Today, some in Europe are worried about rising energy prices, and even if all the fears associated with this disappear overnight, we will certainly see some price increases. As a hacker, you can take a good look at the energy-hungry devices in your home and even take action on them. So, [Peter] installed some solar panels on his roof, but couldn’t figure out how to legally connect them to the public grid, or at least to the 220V mains in his apartment. Of course, a good solution is to build a separate parallel LVDC network and put a bunch of devices on it!
He chose 48V because it’s high enough, efficient, easy to get things like DC-DC, safe when it comes to legal matters, and generally compatible with his solar panel setup. Since then, he’s kept devices like laptops, chargers, and lights on DC power rails rather than plugging them in directly, and his home infrastructure (including a rack full of Raspberry Pi boards) is perfectly content to operate 24/7. rail 48V. There is a backup power supply from the regular AC power supply in case of cloudy weather, and in the event of a power outage, two huge LiFePO4 batteries will power all connected equipment at 48V for up to two and a half days.
The device produced and consumed 115 kWh in the first two months – a huge contribution to the energy independence hacker project, and the blog post has enough detail for all your inspiration needs. This project is a reminder that low voltage DC projects are a good option on a local scale – we’ve seen viable pilot projects at Hackcamp, but you can also build a small DC UPS if you like. Perhaps soon we will find an outlet for such a network.
Cellular base stations currently use 48V. I need to set up something similar for a neighborhood watch project.
I was thinking about running some HP DL360 servers at home with solar panels and batteries without 48VDC power supplies that would fit these servers and avoid the inefficiency of the DC-to-AC inverter, but then I saw the price of these power supplies at 48 VDC. … MY GOD. Return on investment until 2050!

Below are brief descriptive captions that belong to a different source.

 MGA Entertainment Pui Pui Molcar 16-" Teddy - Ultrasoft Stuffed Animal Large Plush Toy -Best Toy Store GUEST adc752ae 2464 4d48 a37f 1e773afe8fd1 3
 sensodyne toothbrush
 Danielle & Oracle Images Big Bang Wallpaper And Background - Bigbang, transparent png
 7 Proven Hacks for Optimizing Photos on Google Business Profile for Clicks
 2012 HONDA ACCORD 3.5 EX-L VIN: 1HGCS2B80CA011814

48V has been the bus voltage in telecommunications systems since Strowger’s time (with giant batteries) and carried over into fiber optic network equipment.

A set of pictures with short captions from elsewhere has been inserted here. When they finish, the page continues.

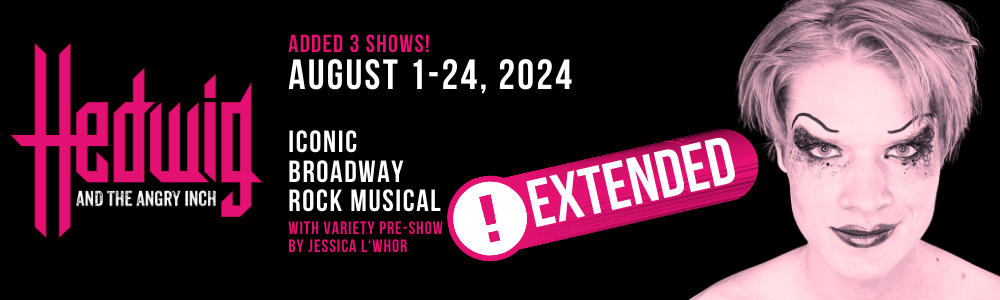 Campaign cover image for Hedwig and the Angry Inch Production Support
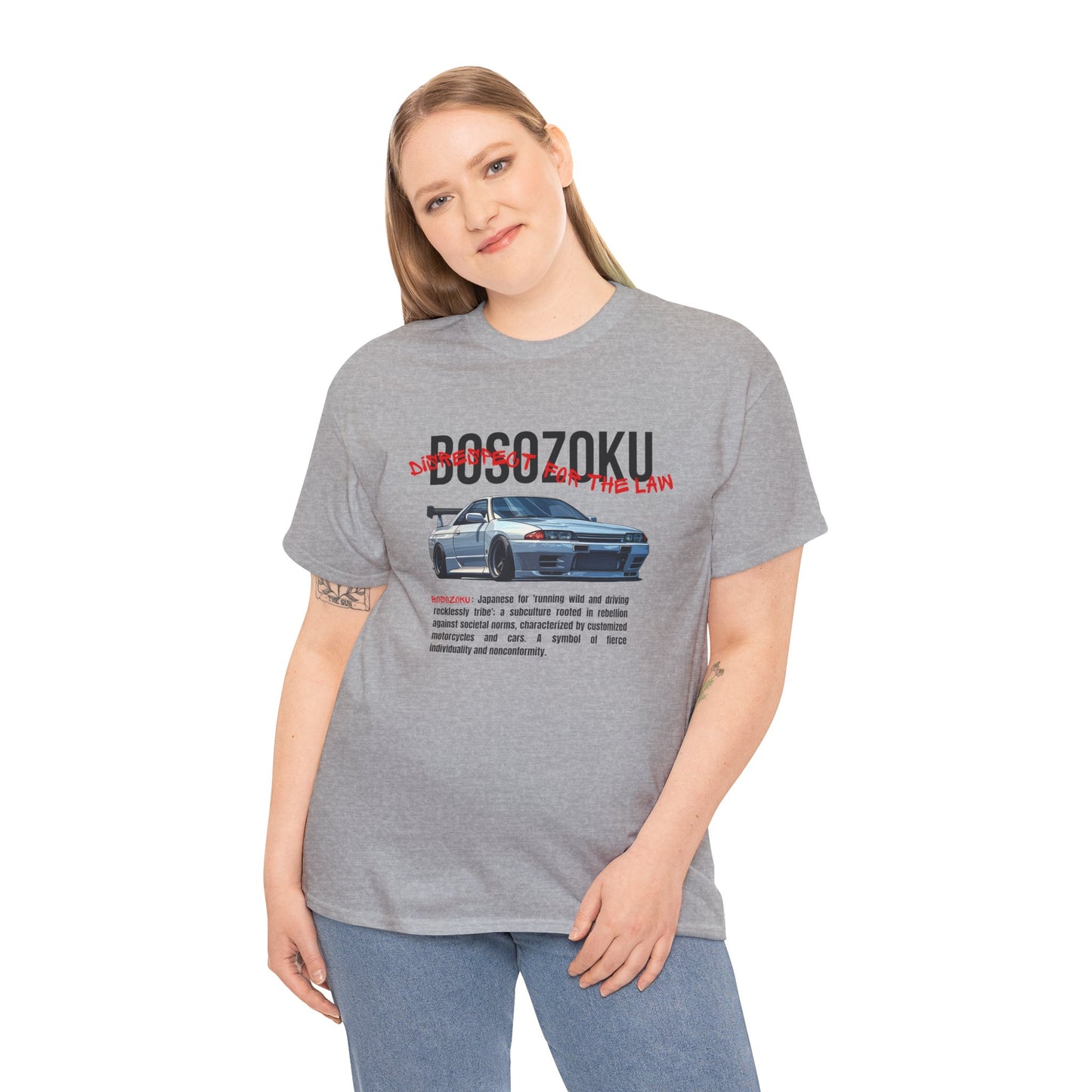 Bosozoku | JDM unisex T-Shirt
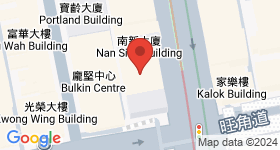 華比銀行大廈 地圖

Yes, the entire telecom industry runs on 48VDC. From old analog switches to modern cellular base stations. IT data centers are typically powered by AC power.
GOOD The only bummer with this setup (assuming the other half is approved and kept in a safe place away from pets and children) is that once the local energy storage is full, the excess energy is wasted when you are this close to the grid. interconnects are going, it’s probably really a shame that that energy is spent on cheap ones. I don’t blame them for this situation, they’ve done a job for themselves and can’t find a legal/safe/affordable way around this last hurdle…bureaucrats are probably better off than lawyers and politicians. although they often resemble each other in life, perhaps they are all different states of the same life form…
I would say to make life easier for those non-tech people with DC you will probably live with or support the best option available today which is probably USB powered…although I hate it because the power supply over USB it’s a mess, getting it right seems like a huge problem, and it’s not likely to be as efficient as a 48V rail. It’s so ubiquitous that it’s understandable to non-technical people – because it’s pluggable and works (if configured correctly). Eliminate the need to find the right DC-DC converter for everything or actively monitor the “power supply” voltage every time you plug in a new device – I do this at my desk but haven’t fried anything yet…
But as an off the shelf battery pack with a solar tracking input, maybe even as an inverter for the AC pack you should have, and if you want to avoid building your own more annoying USB power supply, you can use the USB power negotiation thing. It’s not too hard for you to set up. Also, it’s more than enough for the hackers among us to install solar panels (preferably on sun-tracking mounts), provide status monitors, low-battery alerts, and neatly organize cables in the single most important place for fraudulent work. A little…
A good solution for excess energy is to dump loads such as electrical components into the water heater. Once the battery is fully charged, it can switch to using available solar energy to heat water.
Although the water heater can also “fill up” (hot enough) over time, unless it is very large.
The advantage of solar energy is that you don’t have to collect solar energy. You can safely place the panels under the sun’s rays without using potential energy.
Of course, this is a waste, and if it is to your advantage, feeding power to the grid is the first choice.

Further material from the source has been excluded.